Mobilität im Alter

Leitende WissenschaftlerInnen:
Melanie Karthaus, Stephan Getzmann, Edmund Wascher

MitarbeiterInnen:
Julian Reiser, Silvana Springer

Drittmittel:
DFG KA 4120/2-1; BASt (FE 82.0649/2016): DoBoLSiS

Kooperationspartner:
Prof. Dr. Georg Rudinger (uz bonn)

Autofahren stellt für ältere Menschen eine wichtige Möglichkeit zum Erhalt ihrer Mobilität und zur Teilhabe am sozialen Leben dar. Mit zunehmendem Alter steigt allerdings das Unfallrisiko im Straßenverkehr. Vor allem in kritischen Verkehrssituationen sind ältere Autofahrer überdurchschnittlich häufig an Unfällen beteiligt. Andererseits zeigen sehr junge und sehr alte Autofahrer häufig spezifische Fahrauffälligkeiten, die zu unterschiedlichen Arten von Unfällen führen. Da der Anteil sehr junger und alter Autofahrer stetig zunimmt, ist zu erwarten, dass das Risiko für altersspezifische Unfälle in Zukunft noch ansteigen wird.

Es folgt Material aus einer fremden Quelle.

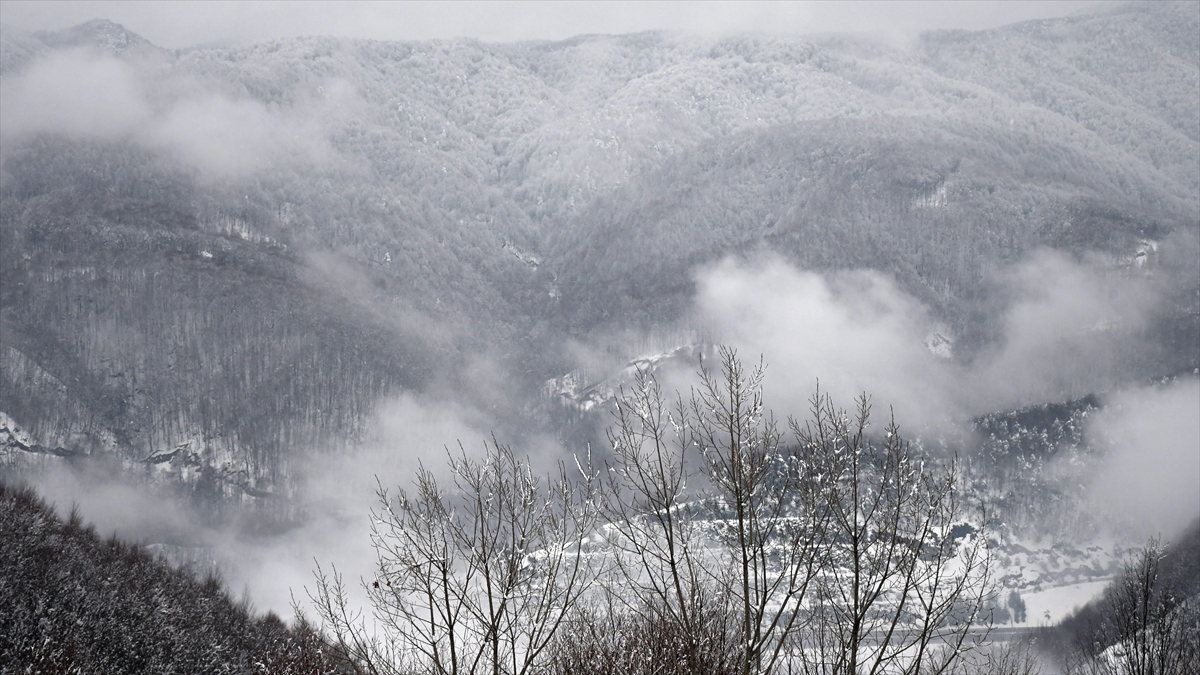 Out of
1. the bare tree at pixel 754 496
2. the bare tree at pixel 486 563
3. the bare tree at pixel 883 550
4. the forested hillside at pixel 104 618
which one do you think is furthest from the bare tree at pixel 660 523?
the forested hillside at pixel 104 618

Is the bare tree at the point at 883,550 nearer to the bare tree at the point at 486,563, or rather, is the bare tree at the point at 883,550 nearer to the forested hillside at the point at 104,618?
the bare tree at the point at 486,563

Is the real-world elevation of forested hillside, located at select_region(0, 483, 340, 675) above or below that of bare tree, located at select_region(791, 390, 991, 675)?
above

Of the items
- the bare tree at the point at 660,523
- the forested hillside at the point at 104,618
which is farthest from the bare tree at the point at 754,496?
A: the forested hillside at the point at 104,618

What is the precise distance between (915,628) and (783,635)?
17.5ft

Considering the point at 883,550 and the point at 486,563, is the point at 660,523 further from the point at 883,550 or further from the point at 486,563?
the point at 883,550

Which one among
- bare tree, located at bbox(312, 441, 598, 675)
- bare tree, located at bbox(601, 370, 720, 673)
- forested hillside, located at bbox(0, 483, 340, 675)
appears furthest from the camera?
forested hillside, located at bbox(0, 483, 340, 675)

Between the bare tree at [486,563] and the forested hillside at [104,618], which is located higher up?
the forested hillside at [104,618]

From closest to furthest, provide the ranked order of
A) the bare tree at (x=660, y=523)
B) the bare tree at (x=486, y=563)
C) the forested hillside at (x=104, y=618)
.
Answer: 1. the bare tree at (x=660, y=523)
2. the bare tree at (x=486, y=563)
3. the forested hillside at (x=104, y=618)

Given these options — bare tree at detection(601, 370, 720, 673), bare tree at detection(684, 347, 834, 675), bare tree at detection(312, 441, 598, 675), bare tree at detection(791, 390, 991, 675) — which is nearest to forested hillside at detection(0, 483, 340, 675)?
bare tree at detection(312, 441, 598, 675)

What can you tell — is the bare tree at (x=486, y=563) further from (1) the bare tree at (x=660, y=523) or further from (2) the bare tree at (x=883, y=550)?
(2) the bare tree at (x=883, y=550)

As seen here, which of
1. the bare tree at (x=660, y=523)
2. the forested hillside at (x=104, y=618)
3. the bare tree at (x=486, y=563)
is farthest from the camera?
the forested hillside at (x=104, y=618)

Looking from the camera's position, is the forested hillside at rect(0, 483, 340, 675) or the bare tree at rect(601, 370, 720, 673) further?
the forested hillside at rect(0, 483, 340, 675)

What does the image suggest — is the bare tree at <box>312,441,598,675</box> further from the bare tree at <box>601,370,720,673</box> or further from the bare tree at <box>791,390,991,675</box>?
the bare tree at <box>791,390,991,675</box>

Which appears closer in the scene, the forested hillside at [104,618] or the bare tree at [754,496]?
the bare tree at [754,496]
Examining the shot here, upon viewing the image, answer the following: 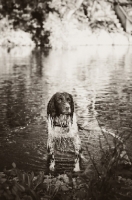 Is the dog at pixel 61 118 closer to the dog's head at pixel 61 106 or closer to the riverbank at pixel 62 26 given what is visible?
the dog's head at pixel 61 106

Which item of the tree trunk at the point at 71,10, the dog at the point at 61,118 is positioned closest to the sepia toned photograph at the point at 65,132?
the dog at the point at 61,118

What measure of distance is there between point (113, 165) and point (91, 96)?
8879 millimetres

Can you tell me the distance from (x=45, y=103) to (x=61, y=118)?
5.39 metres

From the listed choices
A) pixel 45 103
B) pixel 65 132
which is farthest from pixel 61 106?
pixel 45 103

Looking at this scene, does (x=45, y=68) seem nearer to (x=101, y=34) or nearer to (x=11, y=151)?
(x=11, y=151)

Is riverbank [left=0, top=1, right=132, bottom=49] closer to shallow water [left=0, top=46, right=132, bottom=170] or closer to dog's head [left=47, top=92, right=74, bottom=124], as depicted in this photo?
shallow water [left=0, top=46, right=132, bottom=170]

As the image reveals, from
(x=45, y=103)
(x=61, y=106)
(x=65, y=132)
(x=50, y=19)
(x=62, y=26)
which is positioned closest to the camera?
(x=61, y=106)

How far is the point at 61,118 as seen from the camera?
5.46m

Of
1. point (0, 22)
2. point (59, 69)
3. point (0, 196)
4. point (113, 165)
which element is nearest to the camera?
point (113, 165)

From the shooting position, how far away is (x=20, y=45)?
44.7m

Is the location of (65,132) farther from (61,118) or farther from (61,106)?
(61,106)

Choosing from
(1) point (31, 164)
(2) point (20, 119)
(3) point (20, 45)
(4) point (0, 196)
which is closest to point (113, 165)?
(4) point (0, 196)

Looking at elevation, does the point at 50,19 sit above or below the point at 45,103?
above

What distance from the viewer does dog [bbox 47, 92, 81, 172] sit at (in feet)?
17.6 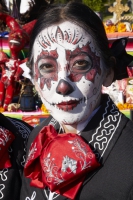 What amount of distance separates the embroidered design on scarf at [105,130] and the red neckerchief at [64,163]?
34 mm

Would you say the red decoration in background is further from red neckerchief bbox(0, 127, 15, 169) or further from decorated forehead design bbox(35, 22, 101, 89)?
decorated forehead design bbox(35, 22, 101, 89)

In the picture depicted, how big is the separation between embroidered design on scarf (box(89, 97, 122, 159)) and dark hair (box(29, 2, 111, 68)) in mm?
163

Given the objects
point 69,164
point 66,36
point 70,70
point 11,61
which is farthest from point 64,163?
point 11,61

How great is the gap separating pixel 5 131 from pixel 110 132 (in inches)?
16.1

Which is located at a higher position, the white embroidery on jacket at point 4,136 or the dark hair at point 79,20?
A: the dark hair at point 79,20

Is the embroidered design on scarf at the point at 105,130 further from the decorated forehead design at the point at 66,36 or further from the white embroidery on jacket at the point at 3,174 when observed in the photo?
the white embroidery on jacket at the point at 3,174

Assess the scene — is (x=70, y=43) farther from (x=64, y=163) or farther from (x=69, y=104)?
(x=64, y=163)

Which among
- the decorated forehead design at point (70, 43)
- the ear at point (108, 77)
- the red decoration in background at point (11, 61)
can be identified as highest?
the decorated forehead design at point (70, 43)

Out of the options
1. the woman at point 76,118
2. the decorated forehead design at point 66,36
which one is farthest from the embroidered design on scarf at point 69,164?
the decorated forehead design at point 66,36

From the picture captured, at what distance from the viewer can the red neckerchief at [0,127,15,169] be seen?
50.6 inches

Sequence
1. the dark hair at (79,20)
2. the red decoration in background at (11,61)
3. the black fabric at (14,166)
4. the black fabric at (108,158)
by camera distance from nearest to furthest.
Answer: the black fabric at (108,158)
the dark hair at (79,20)
the black fabric at (14,166)
the red decoration in background at (11,61)

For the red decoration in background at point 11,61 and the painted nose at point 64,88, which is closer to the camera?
the painted nose at point 64,88

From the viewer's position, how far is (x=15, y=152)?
1335 mm

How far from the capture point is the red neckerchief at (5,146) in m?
1.28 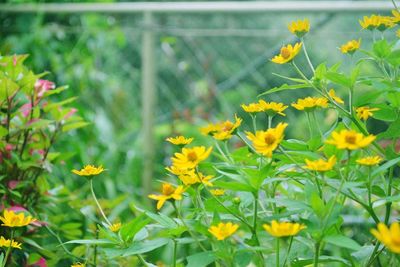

Wir analysieren die Ursachen und Konsequenzen solcher Veränderungen in der Verkehrstüchtigkeit und untersuchen den Zusammenhang von Alter, Autofahren und der Abnahme von sensorischen, kognitiven und motorischen Fähigkeiten. Neben Fahrten im Realverkehr nutzen wir Versuche im Fahrsimulator, um beispielsweise Einflüsse von Monotonie und Ermüdung auf die Fahrleistung jüngerer und älterer Autofahrer aufzuklären. Zudem werden Folgen von Ablenkung (etwa durch die Bedienung von Navigationsgeräten oder durch Gespräche mit dem Beifahrer) überprüft.

Im DFG-Projekt „Autofahren unter Ablenkung: Einflüsse auf Hirnaktivität und Fahrleistung bei jungen, mittleren und älteren Fahrern“ sollen durch Analyse von Verhaltensdaten und mithilfe neurophysiologischer Methoden Ablenkungs- und Kompensationsmechanismen und deren altersspezifische Veränderungen unter verschiedenen Ablenkbedingungen erfasst werden. Ziel des Projekts ist es, Unterschiede für zwischen jungen und alten Fahrern aufzudecken und gezielt verkehrsgestalterische und trainingsbasierte Maßnahmen für junge und alte Fahrer zu entwickeln.

Im BASt-finanzierten Projekt DoBoLSiS (Dortmund Bonner Längsschnittstudie zur Sicherheit von Senioren im Straßenverkehr) wird die Entwicklung verkehrssicherheitsrelevanter Personenmerkmale älterer Autofahrer und ihre Einflussfaktoren in einer Längsschnittstudie über fünf Jahre untersucht. Ziel ist es hier, ältere Autofahrer für altersbedingte Defizite und Gefahren zu sensibilisieren und Prädiktoren zur Vorhersage der zukünftigen Fahrtauglichkeit von Senioren abzuleiten.

Publikationen:

  • Falkenstein, M. & Karthaus, M. (2017). Fahreignung im höheren Lebensalter: Sensibilisieren – Erfassen – Fördern. Stuttgart: Kohlhammer.
  • Wascher, E., Getzmann, S. & Karthaus, M (2016). Driver state examination – treading new paths. Accident Analysis & Prevention, 91, 157-165.
  • Karthaus, M. & Falkenstein, M. (2016). Functional changes and driving performance in older drivers: assessment and interventions. Geriatrics, 1, 12 (18 pp.).
  • Karthaus, M., Willemssen, R., Joiko, S. & Falkenstein, M. (2015). Kompensationsstrategien von älteren Verkehrsteilnehmern nach einer VZR-Auffälligkeit. Bremen: Fachverlag NW, Schünemann Verlag, 2015 (Berichte der Bundesanstalt für Straßenwesen, Heft M 254).
  • Falkenstein, M., Poschadel, S. & Joiko, S. (2014). Erkenntnisstand zu Verkehrssicherheitsmaßnahmen für ältere Verkehrsteilnehmer. Bremen: Fachverlag NW, Schünemann Verlag, 2014 (Berichte der Bundesanstalt für Straßenwesen, Heft M 248).
  • Hahn, M., Wild-Wall, N. & Falkenstein, M. (2013). Age-related changes of neural control processes and their significance for driving performance. In: Schlick CM, Frieling E, Wegge J (Eds.): Age-differentiated work systems (pp 299-317). Heidelberg: Springer, 2013.